公開日 2011.06.24 和田東子(HRDジャーナリスト)
Coaching(こーちんぐ)
相手(クライアント)の自発的な行動を引き出すことを目的としたコミュニケーションスキル。傾聴やさまざまな質問など、複数のスキルが体系化され、クライアントから答えと行動を引き出すことを目指す。
コーチングが企業に浸透したのは1990年代以降である。1992年にアメリカでコーチのトレーニング機関であるCTI(The Coaches Training Institute)が設立されたのに続き、国際コーチ連盟(International Coach Federation/ICF,1996年)などの団体が設立された。
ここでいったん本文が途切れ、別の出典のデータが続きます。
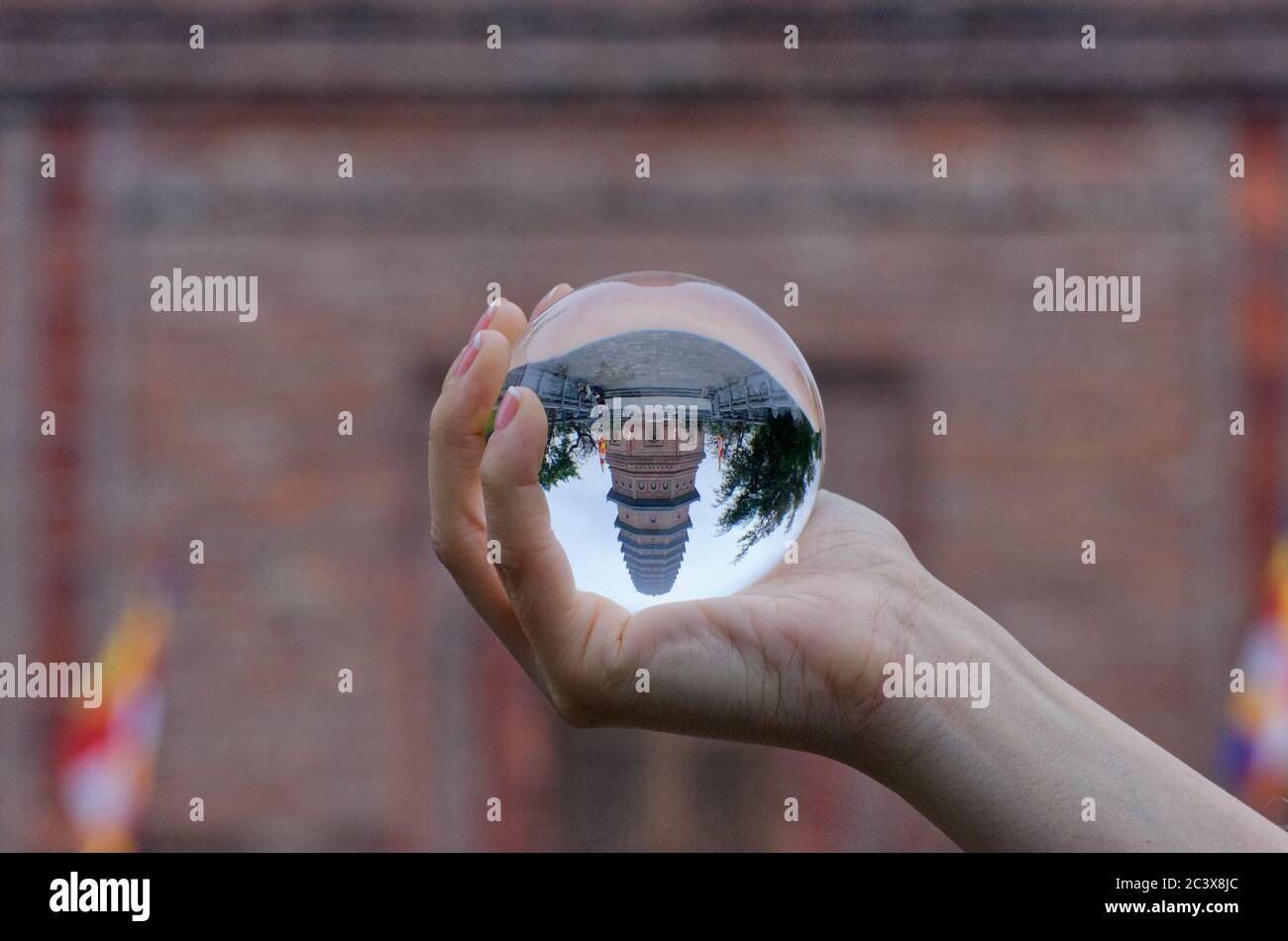 Tempel in der Hand Stockfoto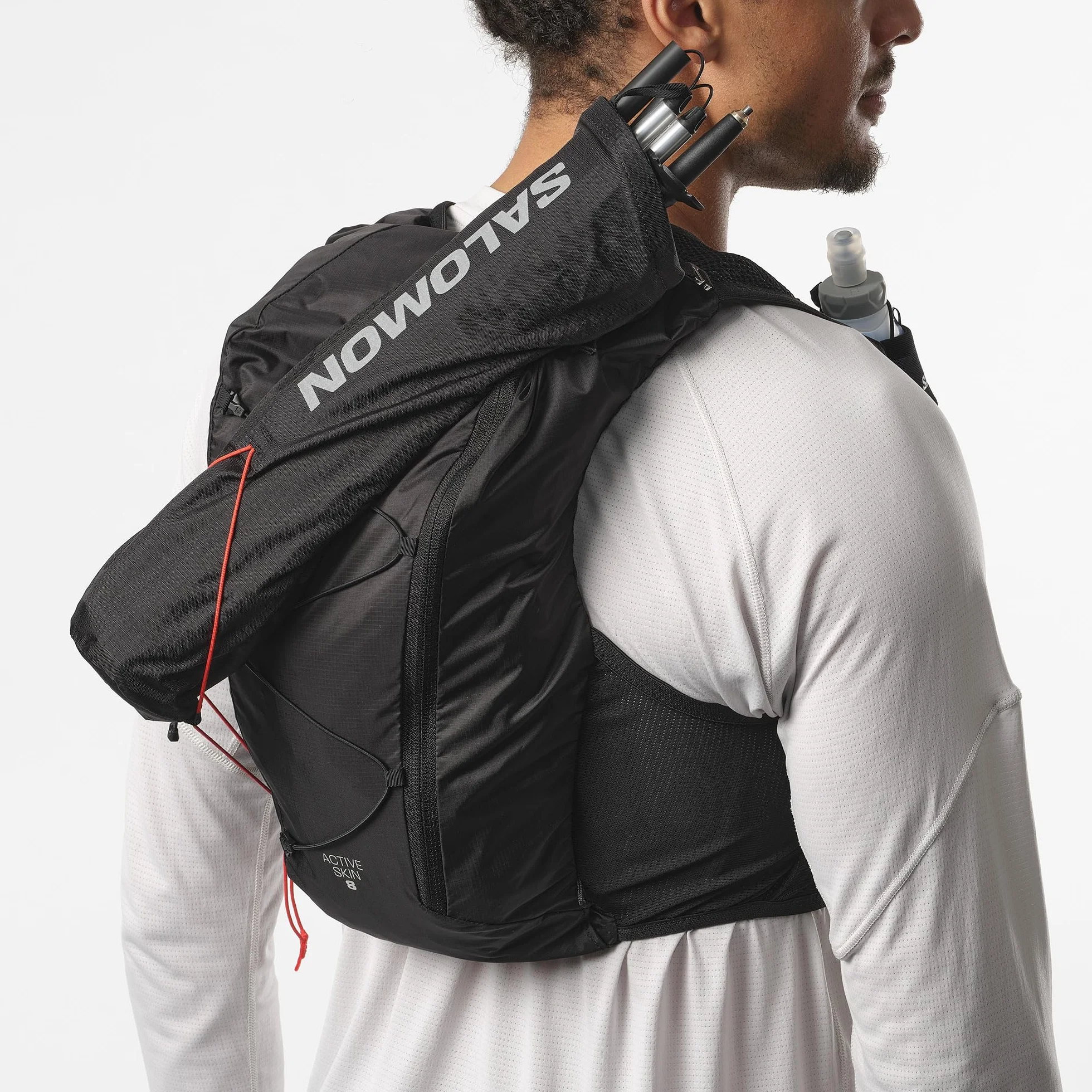 Salomon Active Skin 8 Unisex kamizelka nawadniająca do biegania szlak turystyczny z butelkami w zestawie, łatwe nawodnienie, precyzyjne dopasowanie 8 l i zoptymalizowane przechowywanie, czarna, M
これらの団体のほか、コンサルティングファームもコーチングを取り上げるようになり、IBMやヒューレット・パッカード、ゼネラル・エレクトリック(GE)などの大企業の導入が進んだ。今日では、部下指導やマネジメントを担うマネジャーの基本スキルとして認知されるに至っている。
1990年代後半になると、個人にフォーカスするパーソナルコーチングや、医療福祉現場で発達した「ナラティブアプローチ」(narrative=物語)を取り入れたナラティブコーチングなども登場し、多様な展開が見られる。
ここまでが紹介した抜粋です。